Naissance d'une ville


L'histoire de Ratiatum s'inscrit dans un jeu d'échelles spatiales allant des routes commerciales de l'Empire romain et de ses provinces, jusqu'aux espaces naturels de la Loire.

Ratiatum naît après la conquête de la Gaule par Jules César, alors que sont redéfinies les limites de provinces et de cités. À cette époque, les Pictons étendent leur territoire jusqu'à la rive sud de la Loire, et y fondent Ratiatum, ville portuaire à 200 km au nord de leur capitale de cité Limonum (Poitiers). Un plan orthogonal organise la ville et délimite des îlots (insulae), qui se densifient au fur et à mesure du développement de Ratiatum.

Les vestiges de ces insulae sont explorés par les archéologues depuis les années 60. Ainsi, ils ont pu identifier la présence d'artisans au lieu dit La Bourderie, au sud et ont mis au jour deux domus, de vastes demeures urbaines d'inspiration romaine, à l'est. Les archéologues ont pu établir que cette ville romaine de Gaule s'étendait sur près de 2 km le long de la Loire, et fut particulièrement active du 1er au 3e siècle après J.-C.

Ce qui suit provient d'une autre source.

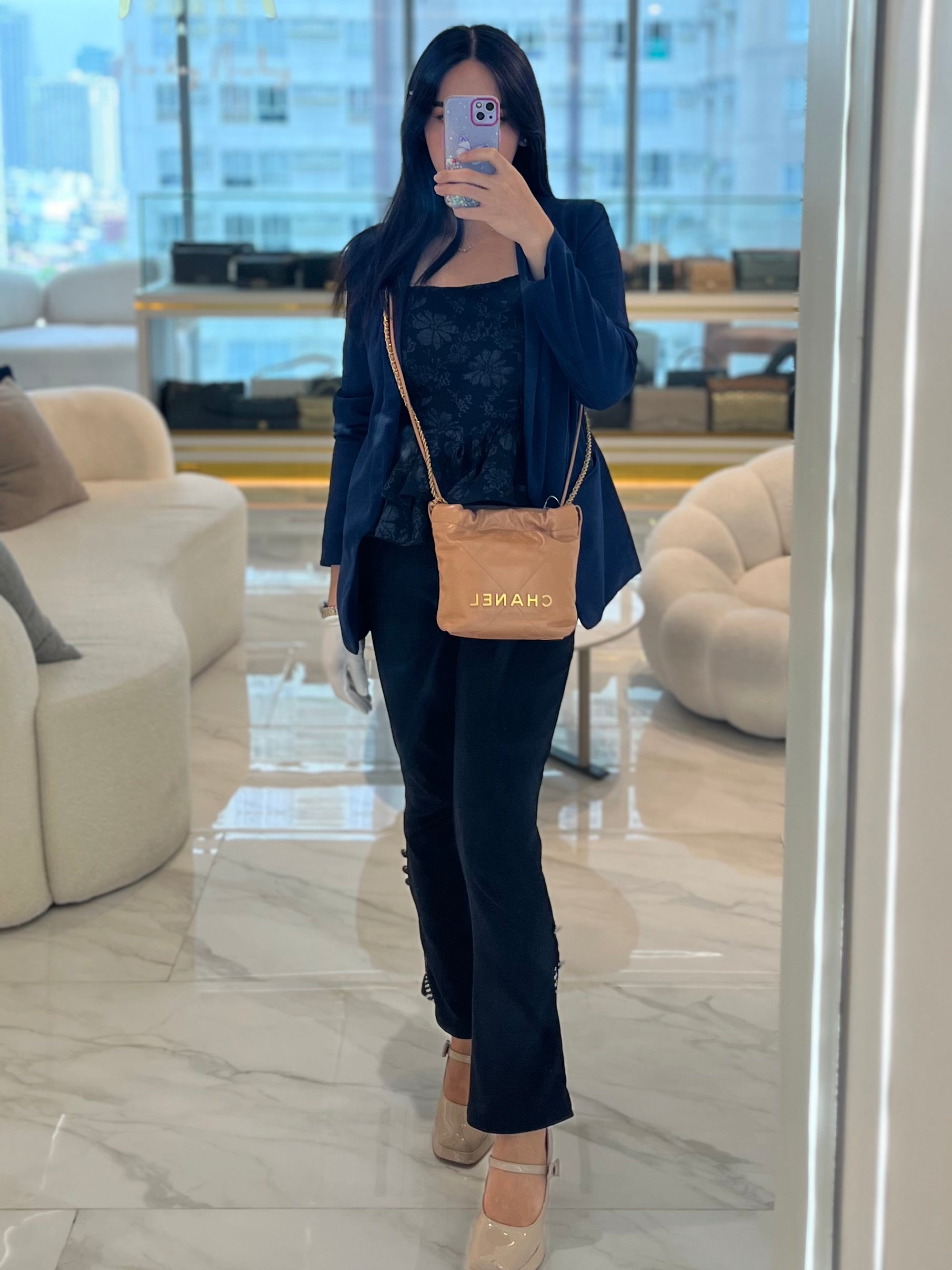 22 Mini in Caramel Shiny Calfskin Leather and Aged Gold Hardware (Microchip) | Purse Maison Luxury Bags Shop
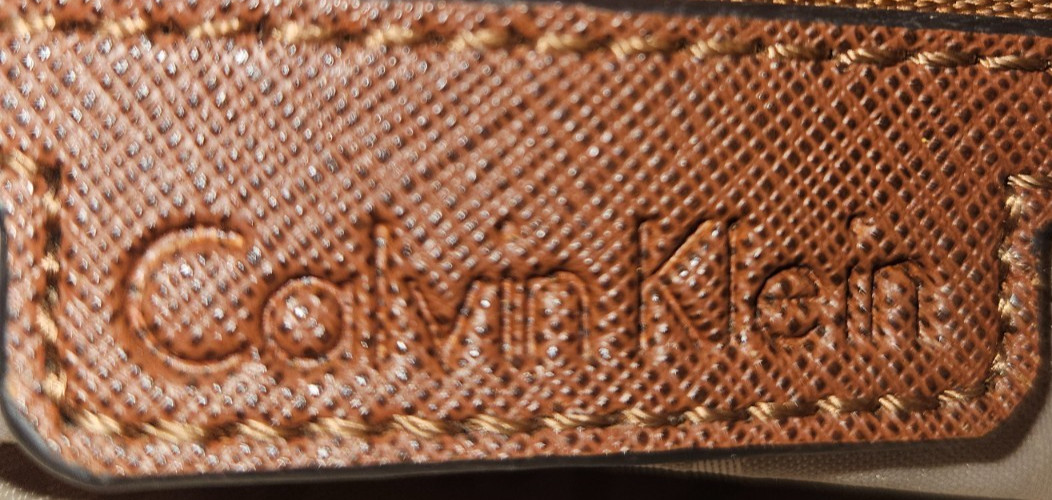 Calvin Klein CK Monogram Brown Crossbody Bag Adjustable Strap Gold Hardware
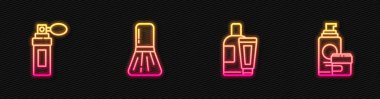 Krem ya da losyon kozmetik tüpü, parfüm, makyaj fırçası ve... Parlayan neon ikonu. Vektör.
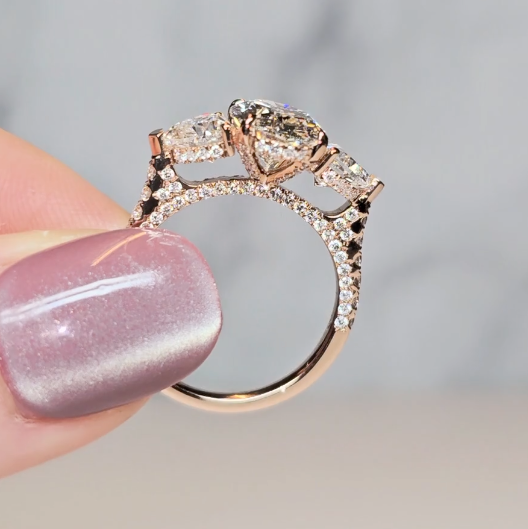 Victoria Oval Cut Diamond Engagement Ring with Heart Cut Side Diamonds and 3D Diamond Band
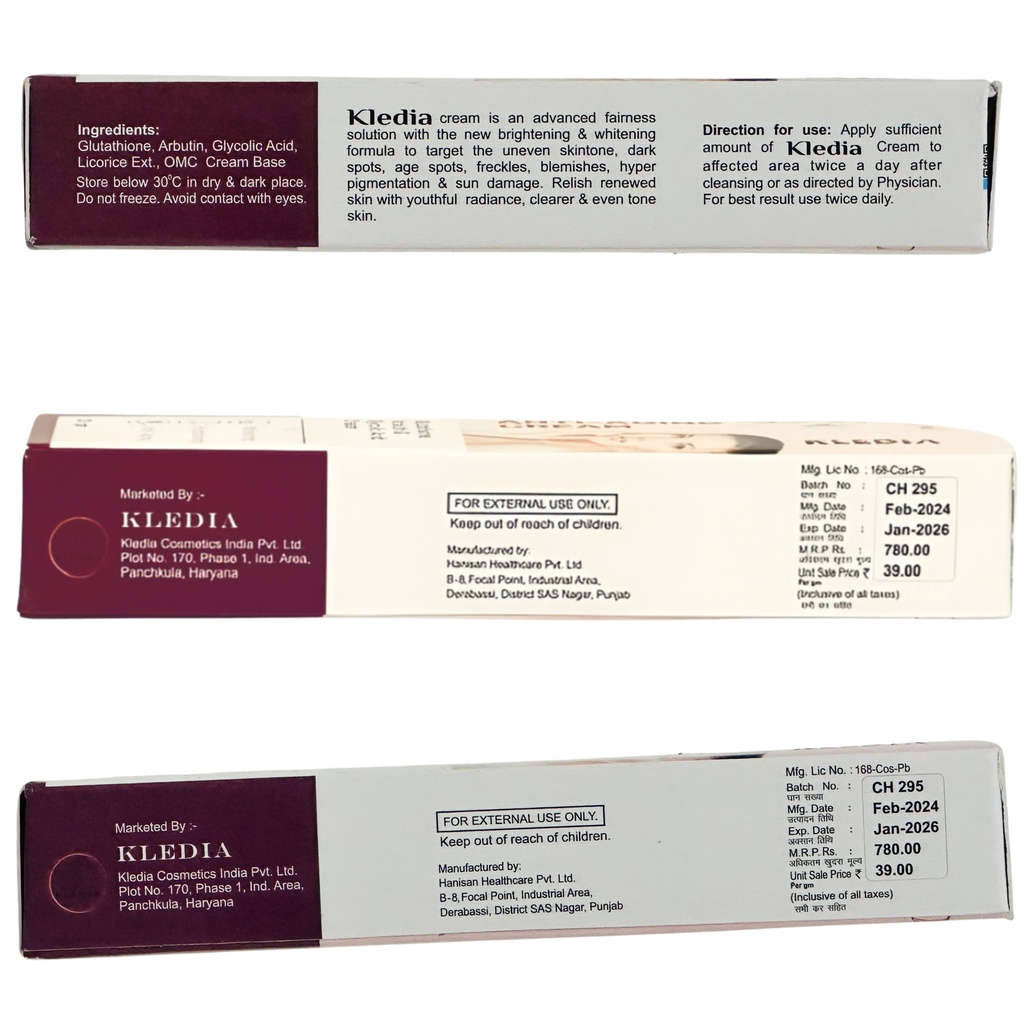 KLEDIA Anti Aging Glutathione, Arbutin, Glycolic Cream, 20g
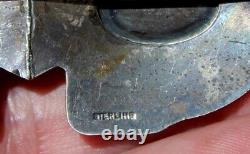 HUGE Very Old Pawn Navajo Sterling Silver & Turquoise Stones ARROWS Brooch Pin
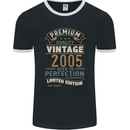 Premium Vintage 18th Birthday 2005 Mens Ringer T-Shirt FotL Black/White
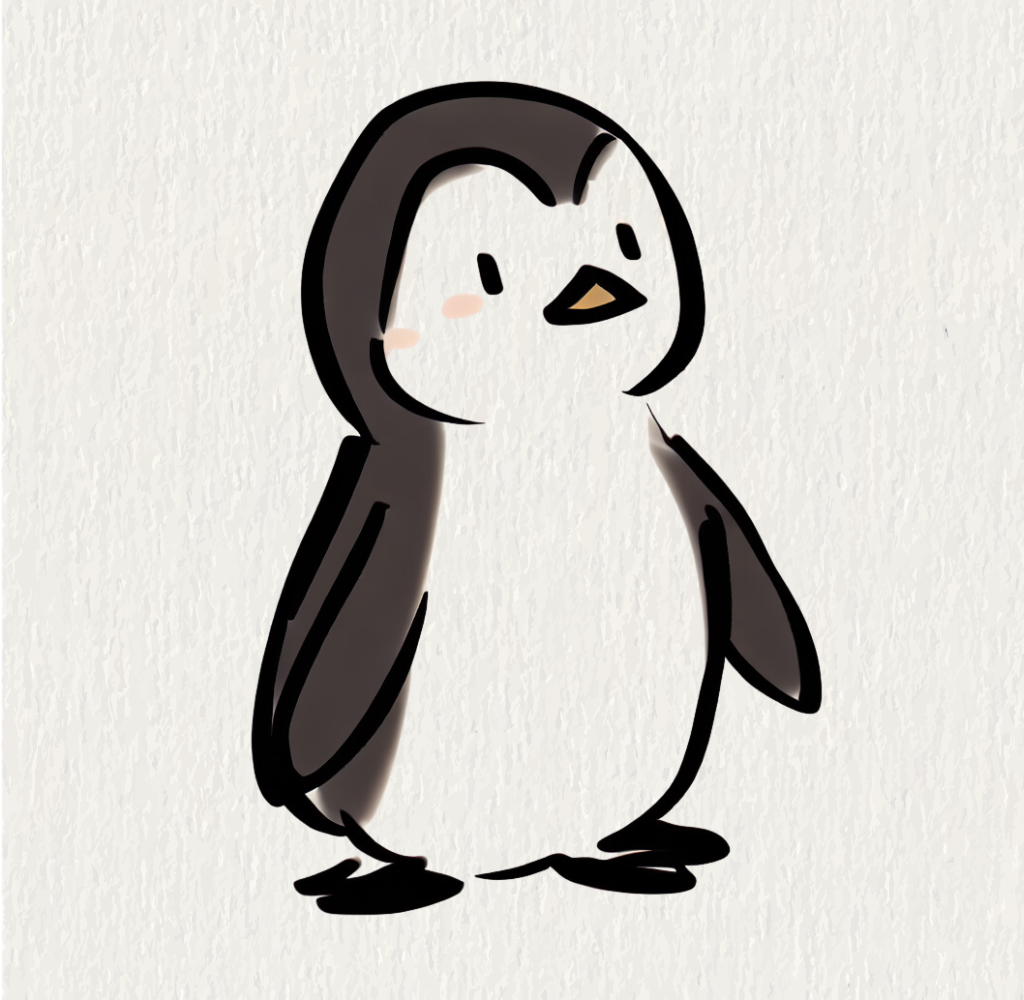 Easy Cartoon Penguin Drawing For Children
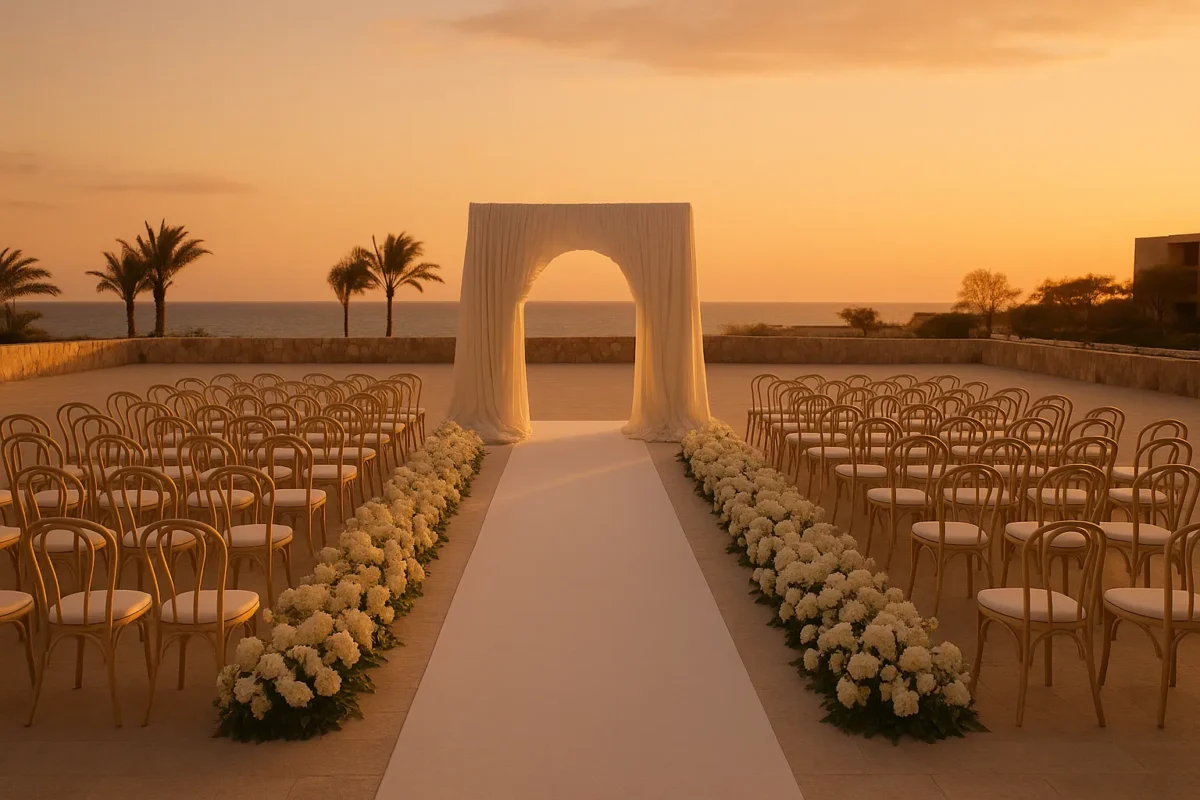 Wedding ceremony setup at Park Hyatt Los Cabos with ocean view. Elegant wedding arch and aisle.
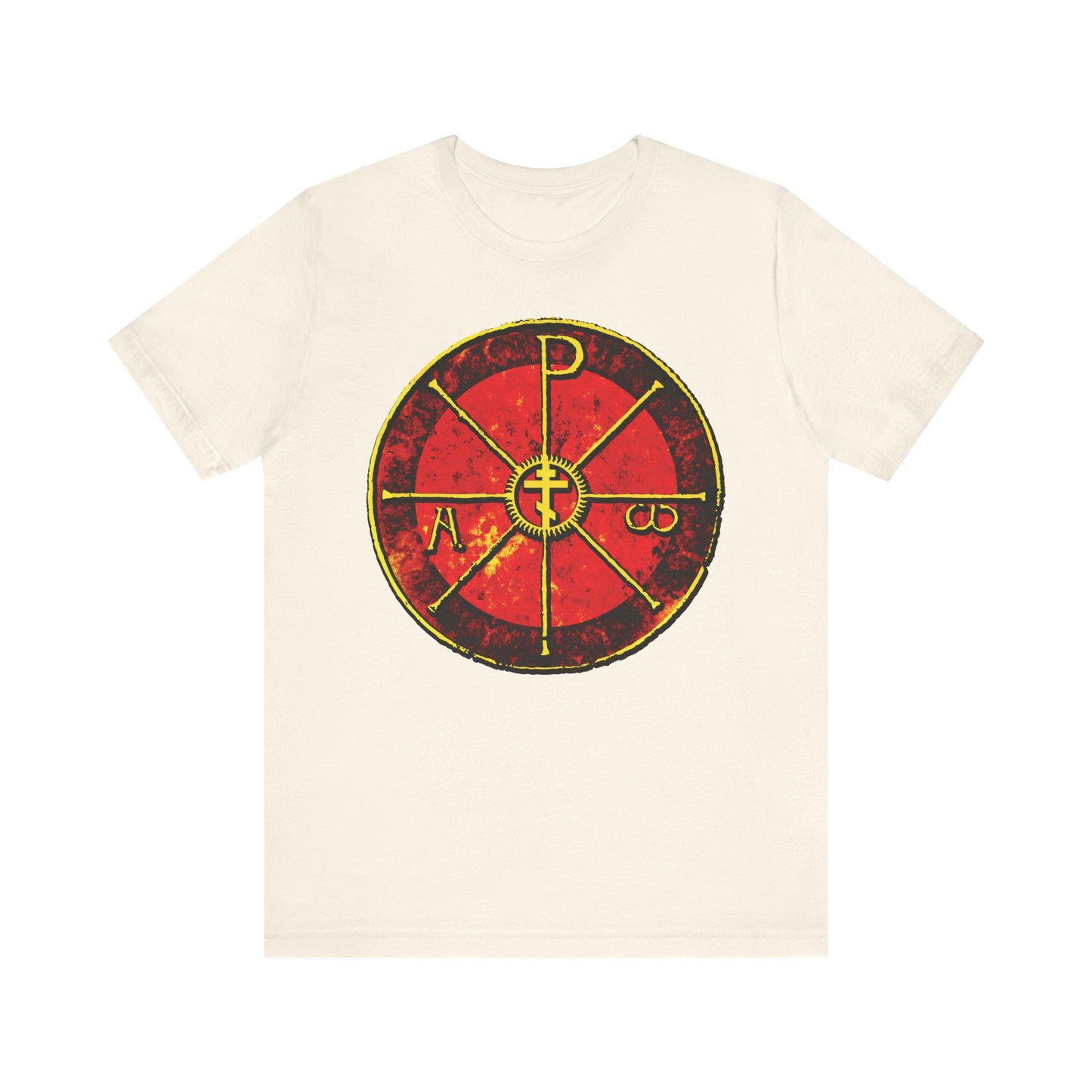 Natural cotton t-shirt featuring a red and yellow Chi Rho with Greek Α, Ω, and P, inspired by the Chrismon of Saint Ambrose at the Duomo di Milan. Alpha & Omega Chi Rho Orthodox Cross - "In This Sign Ye Shall Conquer.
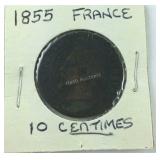 1855 French 10 centimes coin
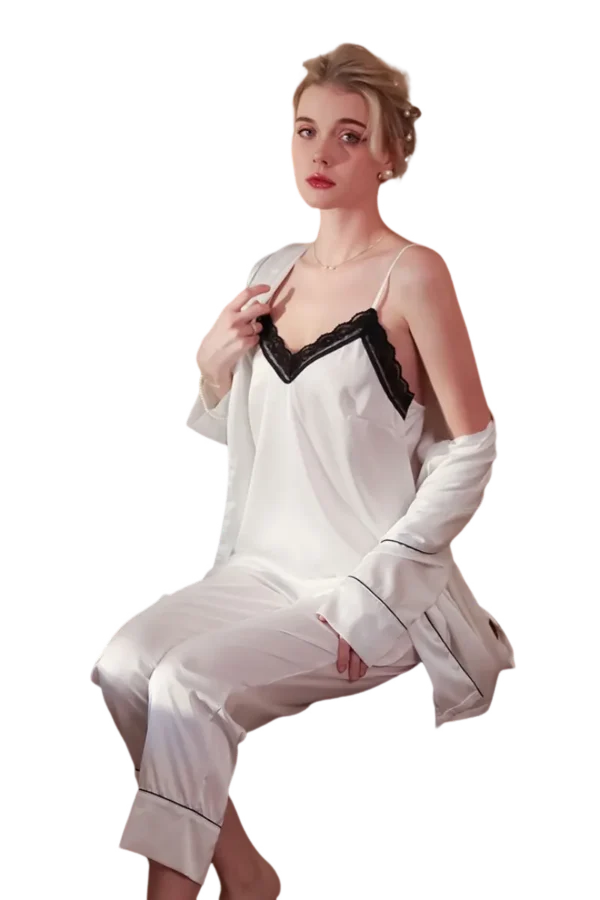 Elegant woman in white satin pajama set - b2b best sexy loungewear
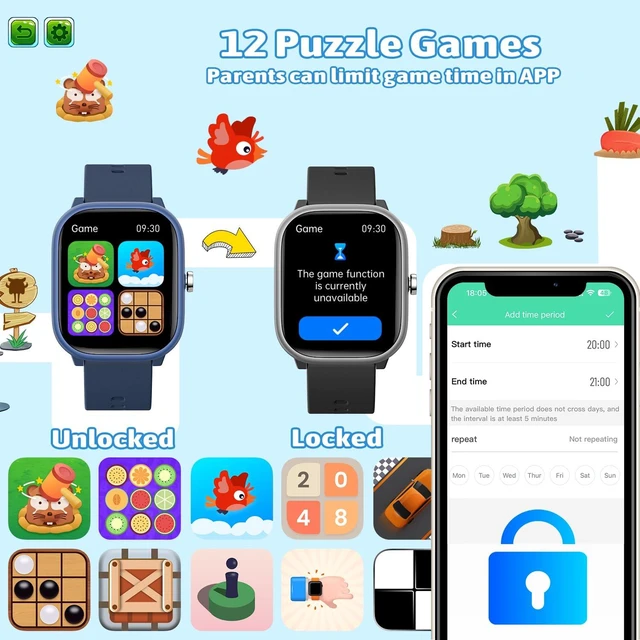 Alt view image 7 of 7 - Smart Watch for Kids Girls Boys No APP/Phone Needed, 1.8" IP68 Waterproof Sport Kids Watch Pedometer, Heart Rate, Sleep Monitor, Step Counter, 12 Puzzle Games for Girls Boys Teens 6-16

Agglomération portuaire, Ratiatum s'appréhende par le lien étroit qu'elle entretenait avec le fleuve, de sa planification urbaine au 1er siècle à l'ensablement progressif de son port à la fin du 3e siècle. Ratiatum se trouvait à la croisée des routes terrestres, fluviales et maritimes et tournée vers la Loire, dont le chapelet d'îles facilitait le franchissement. Sur la rive opposée, au nord, se trouvait Condevicnum (Nantes), l'agglomération des Namnètes dont les liens avec Ratiatum restent à établir avec certitude.

Des entrepôts sur le port


Les entrepôts du quartier portuaire.

Les premiers bâtiments de stockage remplacent, à la fin du 1er siècle, de petites installations sidérurgiques, nécessaires à la construction du quartier. Les entrepôts sont reconstruits et agrandis en granite au début du 2e siècle, durant l'époque faste du port, puis transformés un siècle plus tard pour s'adapter à la baisse d'activité du port.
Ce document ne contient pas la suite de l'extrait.